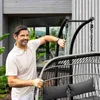 A man stands next to a hanging chair in an outdoor setting. Produktbild-Vorschau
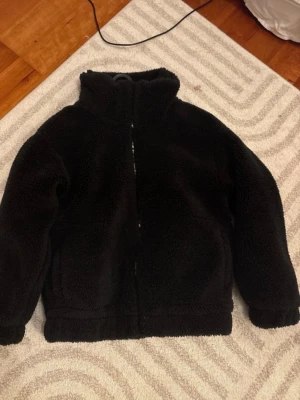 Svart teddyjacka från Noless Relish - Mysig svart teddyjacka från Noless Relish i storlek S. Jackan har hög krage, dragkedja framtill och två fickor. Sällan använd och väldigt gott skick💞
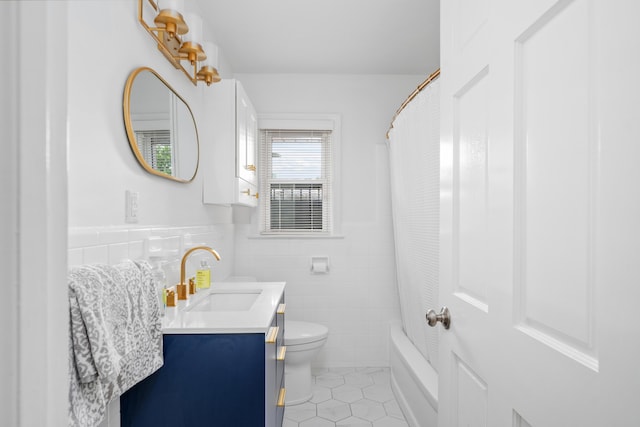 2561 Inglewood Rd SW, Roanoke, VA 24015 - full bathroom featuring vanity, tile walls, tile patterned floors, toilet, and wainscoting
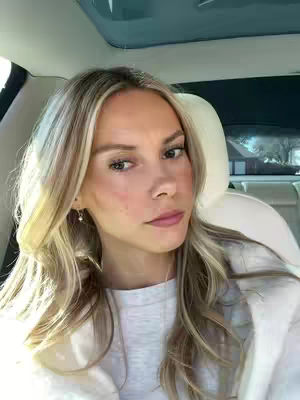 A woman with long blonde hair looks at the camera with a sad expression while sitting in a car. The background includes the car's interior and parts of the outside scenery.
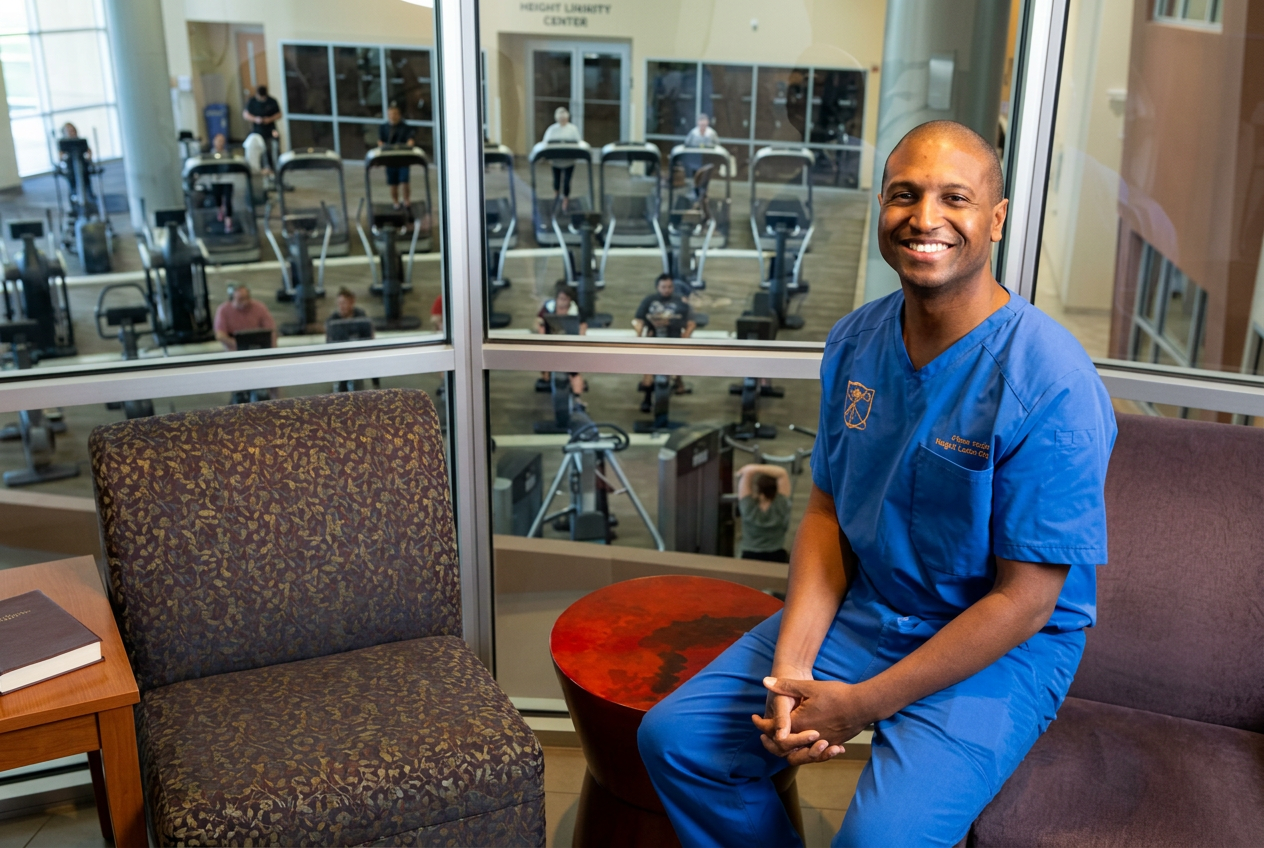 Scott M. Perryman, MD, FACS, FASMBS in scrubs at the wellness center.
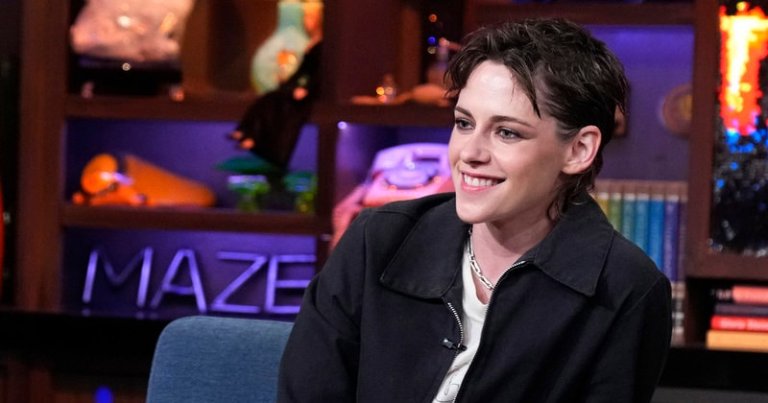 Kristen Stewart smiling and seated in a gray chair on the set of Watch What Happens Live with Andy Cohen.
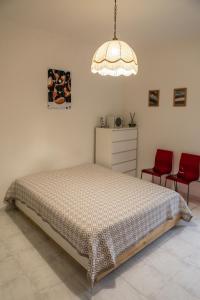 a bedroom with a bed and two red chairs at Casa Frida in Roccagloriosa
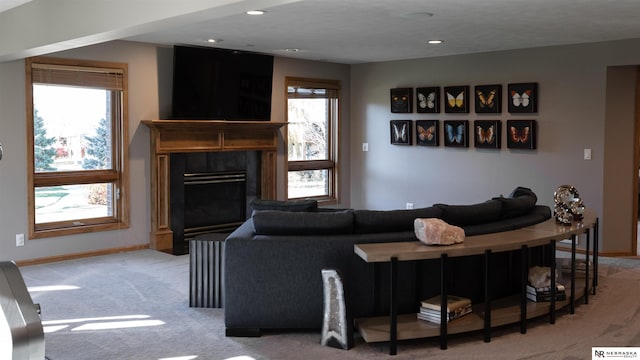 carpeted living area with plenty of natural light, a premium fireplace, baseboards, and recessed lighting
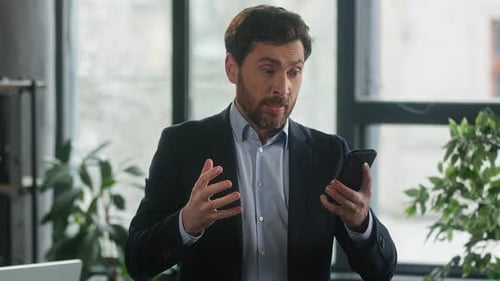 Man Cheers While Looking at Smartphone in Office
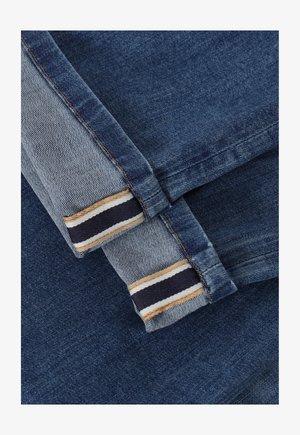 Tela de mezclilla en tonos azules variados. El puño presenta un patrón a rayas en colores beige, navy y crema. Textura con un acabado suave.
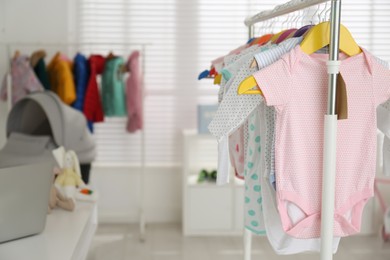Baby clothes hanging on rack in store. Shopping concept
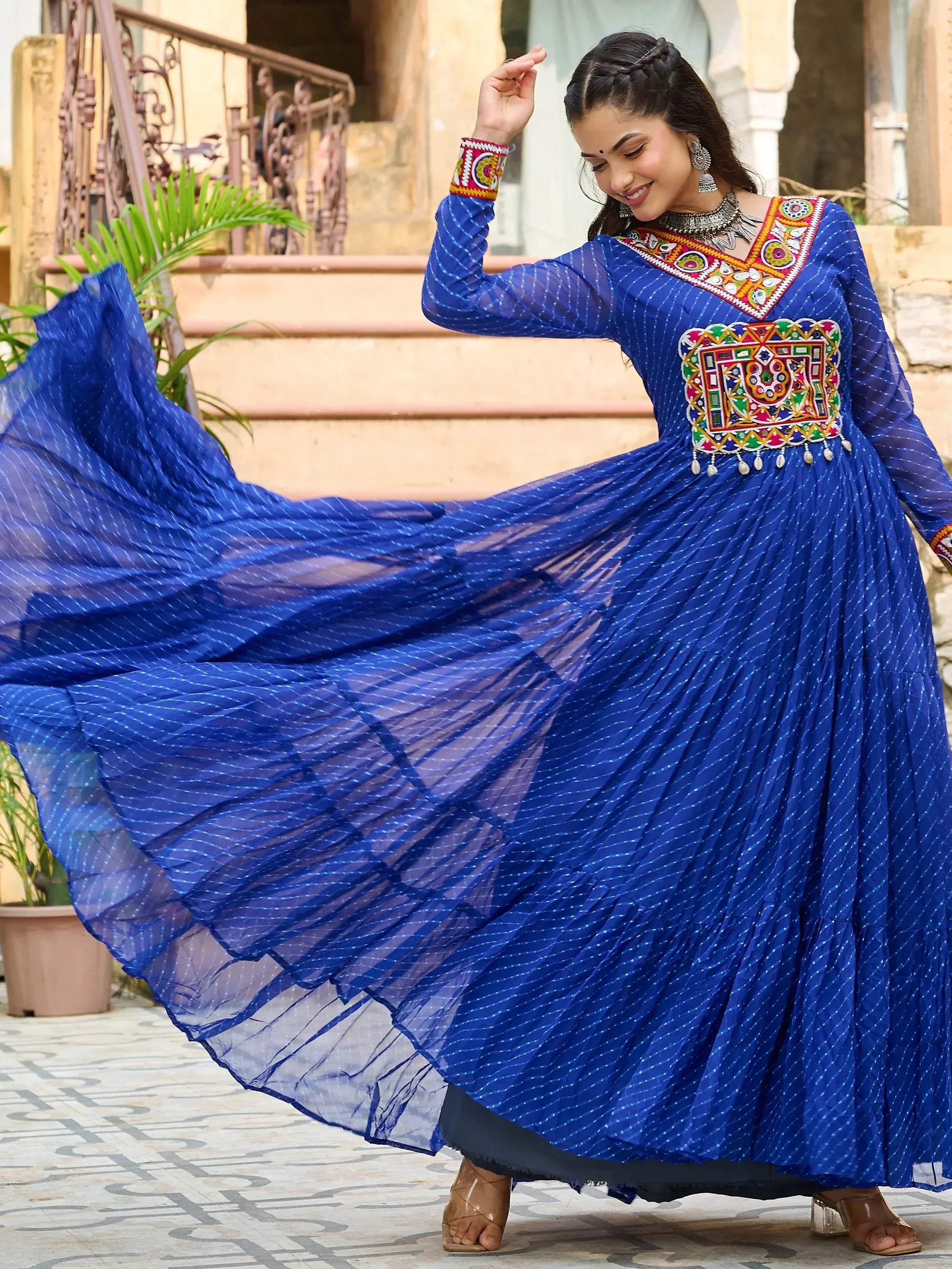 Woman twirling in blue ethnic gown with mirror work, perfect for Indian festive occasions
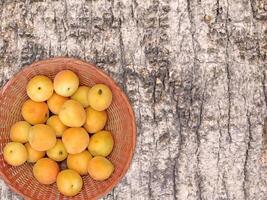 Apricots On The Wooden Background photo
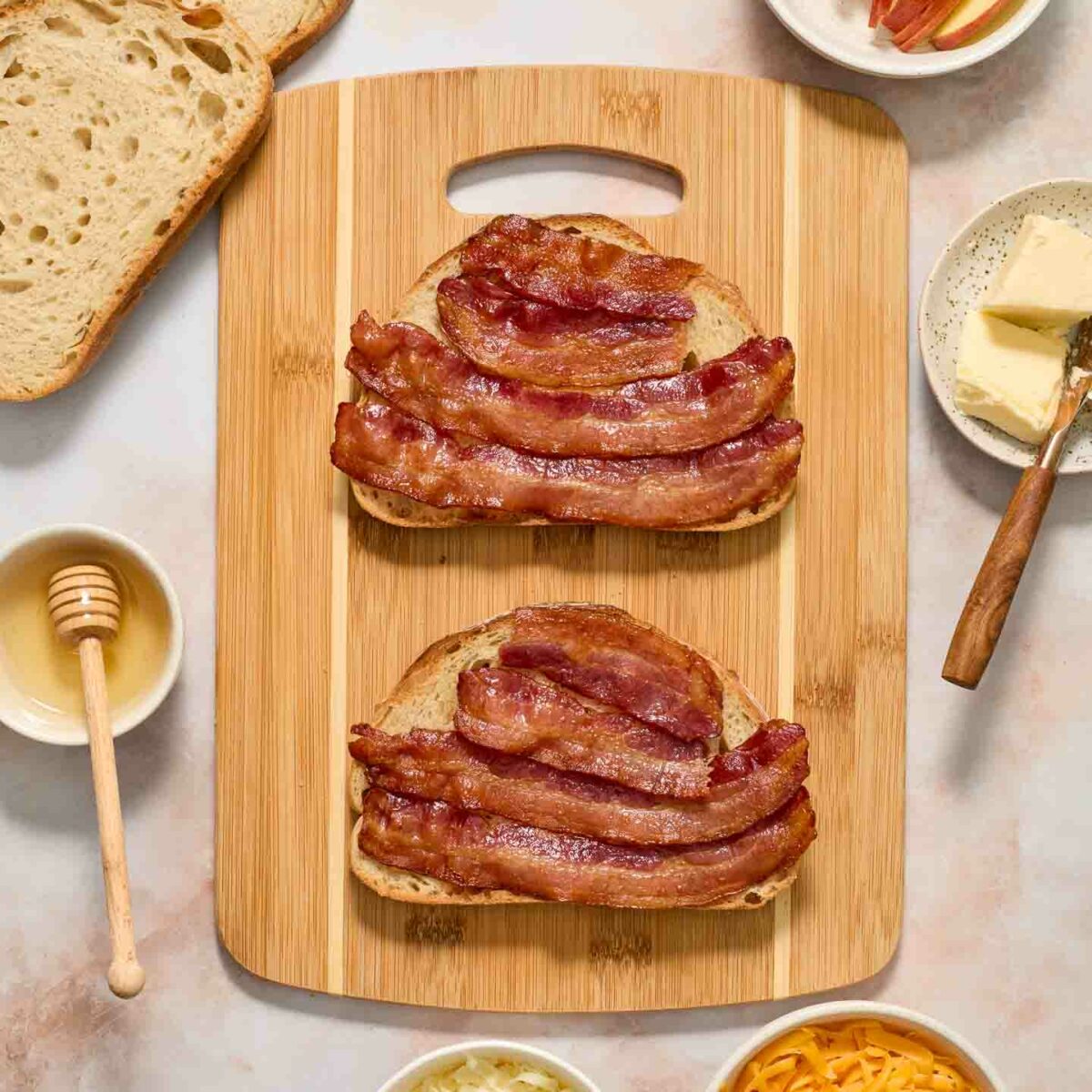 bread with bacon and honey on a cutting board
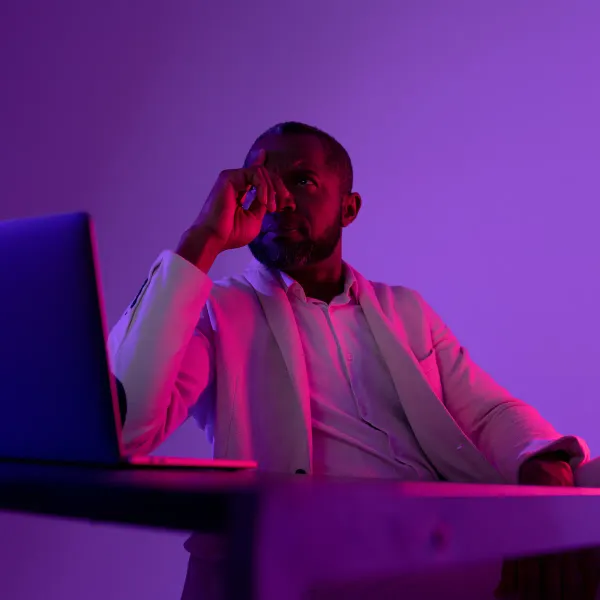 Man sitting thoughtfully in front of a laptop in purple light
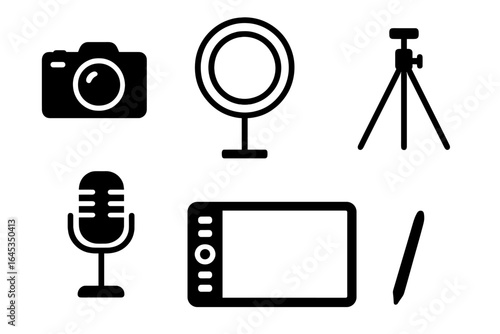Showcasing photography and content tools: camera, microphone, ring light, tripod, tablet, and stylus on a clean backdrop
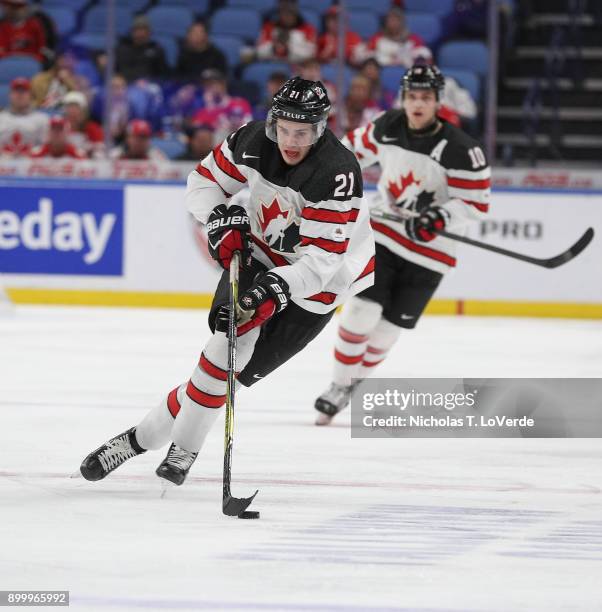 Brett Howden of Canada skates up ice with the puck during the third period of play in the IIHF World Junior Championships at the KeyBank Center on...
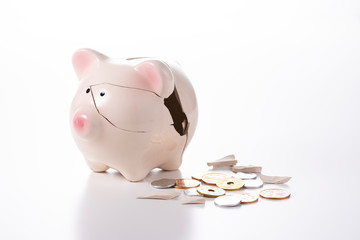 割れた貯金箱と硬貨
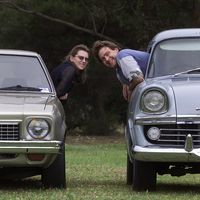 Jo Maree Penney's profile photo: two people leaning between vintage cars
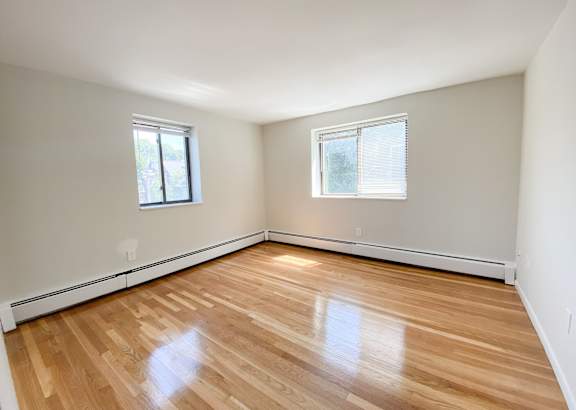 a bedroom with hardwood floors and two windows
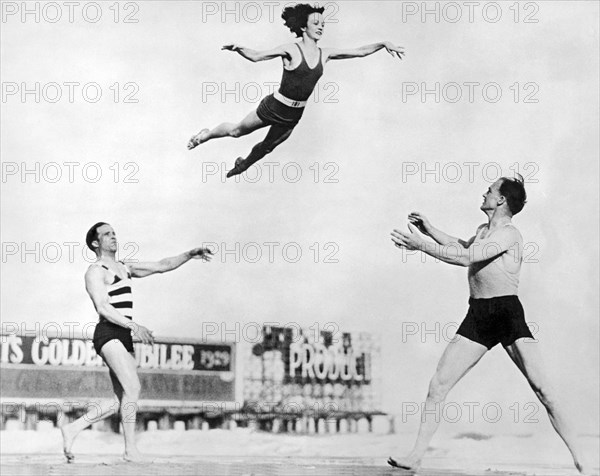 Beach Performers Toss Woman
....
> Exercise aim
Word for word, return the material above, but drop the pictures.

> Output
 A man stands next to a hanging chair in an outdoor setting. Produktbild-Vorschau
 Svart teddyjacka från Noless Relish - Mysig svart teddyjacka från Noless Relish i storlek S. Jackan har hög krage, dragkedja framtill och två fickor. Sällan använd och väldigt gott skick💞
 2561 Inglewood Rd SW, Roanoke, VA 24015 - full bathroom featuring vanity, tile walls, tile patterned floors, toilet, and wainscoting
 A woman with long blonde hair looks at the camera with a sad expression while sitting in a car. The background includes the car's interior and parts of the outside scenery.
 Scott M. Perryman, MD, FACS, FASMBS in scrubs at the wellness center.
 Kristen Stewart smiling and seated in a gray chair on the set of Watch What Happens Live with Andy Cohen.
 a bedroom with a bed and two red chairs at Casa Frida in Roccagloriosa
 carpeted living area with plenty of natural light, a premium fireplace, baseboards, and recessed lighting
 Man Cheers While Looking at Smartphone in Office
 Tela de mezclilla en tonos azules variados. El puño presenta un patrón a rayas en colores beige, navy y crema. Textura con un acabado suave.
Baby clothes hanging on rack in store. Shopping concept
 Woman twirling in blue ethnic gown with mirror work, perfect for Indian festive occasions
 Apricots On The Wooden Background photo
 bread with bacon and honey on a cutting board
 Man sitting thoughtfully in front of a laptop in purple light
Showcasing photography and content tools: camera, microphone, ring light, tripod, tablet, and stylus on a clean backdrop
 Brett Howden of Canada skates up ice with the puck during the third period of play in the IIHF World Junior Championships at the KeyBank Center on...
 割れた貯金箱と硬貨
 Jo Maree Penney's profile photo: two people leaning between vintage cars
 a bedroom with hardwood floors and two windows
 Beach Performers Toss Woman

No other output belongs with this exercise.